Coup de tonnerre dans le monde du cinéma. Le réalisateur de films franco-polonais Roman Polanski a été arrêté samedi à son arrivée en Suisse, où il devait recevoir aujourd’hui un prix au Festival du film de Zurich. La police zurichoise a exécuté un mandat d’arrêt international lancé contre Polanski par les autorités américaines pour une affaire de mœurs qui remonte à 1977.

Roman Polanski, qui est âgé de 76 ans, pourra faire appel d’un éventuel ordre d’extradition signifié par le tribunal pénal fédéral, puis par le Tribunal fédéral, a expliqué dimanche l’Office fédéral de la justice. S’il devait être extradé aux Etats-Unis, il pourrait finir sa vie en prison.

L’Office fédéral de la justice a confirmé l’arrestation du cinéaste son placement en détention provisoire. «Il n’y a pas de raison de ne pas exécuter un mandat d’arrêt international valable», a expliqué un porte-parole de l’OFJ. Les organisateurs du Festival de cinéma à Zurich, eux, sont consternés. Les réalisateurs suisses de films ont aussitôt protesté violemment. Leur association estime que l’arrestation de Polanski est «un scandale juridique qui nuira à la réputation de la Suisse à travers le monde» et «une claque dans le visage de tous les producteurs de culture en Suisse».

En France, le ministre de la Culture, Frédéric Mitterrand, s’est déclaré «stupéfait» par l’arrestation de Polanski, qui a la nationalité française et vit en France. Il «regrette de la manière la plus vive qu’une nouvelle épreuve soit infligée à celui qui en a déjà tant connu». Le ministre s’est aussitôt entretenu du sort de Polanski avec le président français Nicolas Sarkozy, lequel suit personnellement le dossier «avec la plus grande attention» et «partage le souhait d’une résolution rapide de la situation».

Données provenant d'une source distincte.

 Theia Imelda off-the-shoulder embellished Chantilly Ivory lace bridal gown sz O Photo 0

Roman Polanski avait été arrêté en 1977 à Los Angeles à la suite de la plainte des parents d’une adolescente de 13 ans. Il avait plaidé coupable de «relations sexuelles illégales». Les faits s’étaient produits dans la villa de la star d’Hollywood Jack Nicholson lors d’une soirée arrosée au champagne. Polanski avait aussi fait consommer de la drogue à la mineure avant d’entretenir des relations sexuelles avec elle.

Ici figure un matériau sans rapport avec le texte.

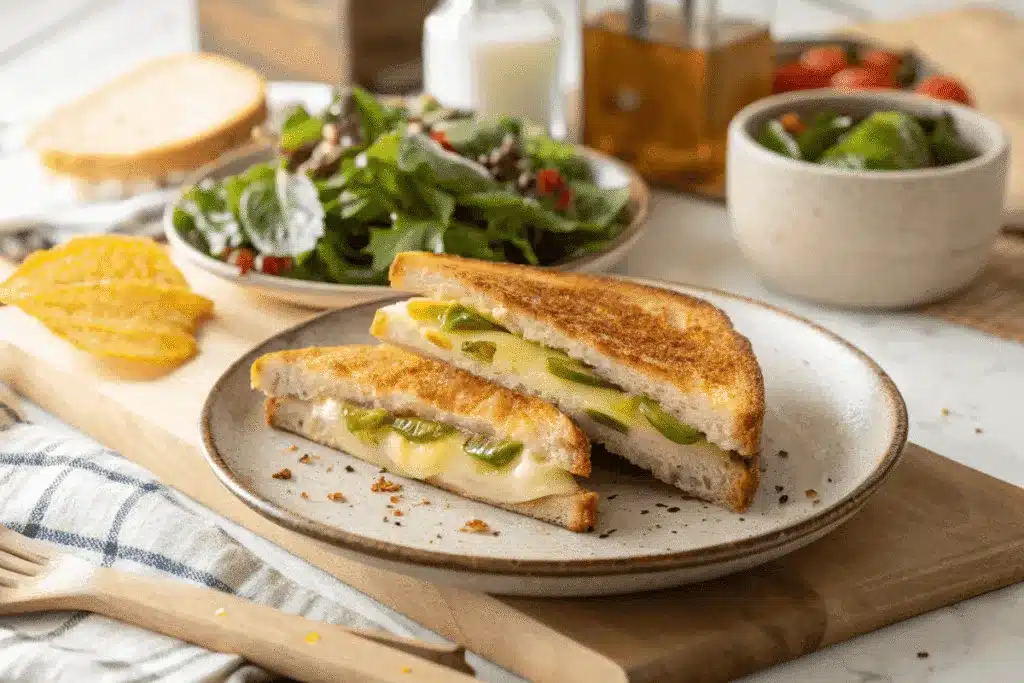 Keto pickle and cheese sandwich ready to serve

Envoyé en «observation psychiatrique» pendant trois mois, il y avait passé 47 jours. Puis il avait pris la fuite, un jour du mois de janvier 1978, au lendemain d’une réunion entre ses avocats et le juge. Cedernier avait laissé entendre qu’il allait le renvoyer sous les verrous. Polanski avait décidé de prendre le premier avion pour Londres. Il avait finalement trouvé un refuge en France, pays dont il a acquis la nationalité et qui ne l’a jamais inquiété pour les faits qui lui sont reprochés. Un Etat n’extrade pas ses propres ressortissants.

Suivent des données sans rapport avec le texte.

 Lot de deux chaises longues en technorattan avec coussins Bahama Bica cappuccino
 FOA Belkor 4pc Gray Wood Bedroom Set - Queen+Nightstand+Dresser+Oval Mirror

La procédure ouverte contre Polanski à Los Angeles n’a jamais été classée. Au début de l’année 2009, Roman Polanski avait chargé ses avocats aux Etats -Unis de relancer une demande de classement des poursuites le visant. Il voulait prouver qu’il avait été victime d’un lynchage médiatique et de l’acharnement d’un magistrat partial. Il fondait sa demande sur des éléments nouveaux révélés par le film documentaire que la cinéaste Marina Zenovich a consacré à toute l’affaire: Roman Polanski: Wanted and Desired. Il faisait aussi valoir que la victime de l’époque aujourd’hui âgée de 45 ans, Samantha Geimer, lui avait pardonné et qu’elle était elle-même favorable au classement des poursuites. Mais le tribunal ne l’a pas suivi.

La remise du prix prévue ce dimanche à Zurich est reportée à une date indéterminée, a indiqué dans un communiqué le Festival du film de Zurich. Le cinéaste aurait dû recevoir un prix d’honneur pour l’ensemble de son œuvre. La rétrospective de ses films reste en revanche au programme du festival. Un des films qui sera projeté est Le Pianiste, pour lequel Polanski a reçu un Oscar en 2003. C’est son ami Harrison Ford qui lui avait alors apporté son prix à Paris. Polanski n’avait pas voulu prendre le risque de se rendre à Hollywood pour la traditionnelle soirée de remise des Oscars. Polanski est un des plus grands cinéastes contemporains. Il a reçu des prix pour ses films à tous les grands festivals: Cannes, Venise, Berlin.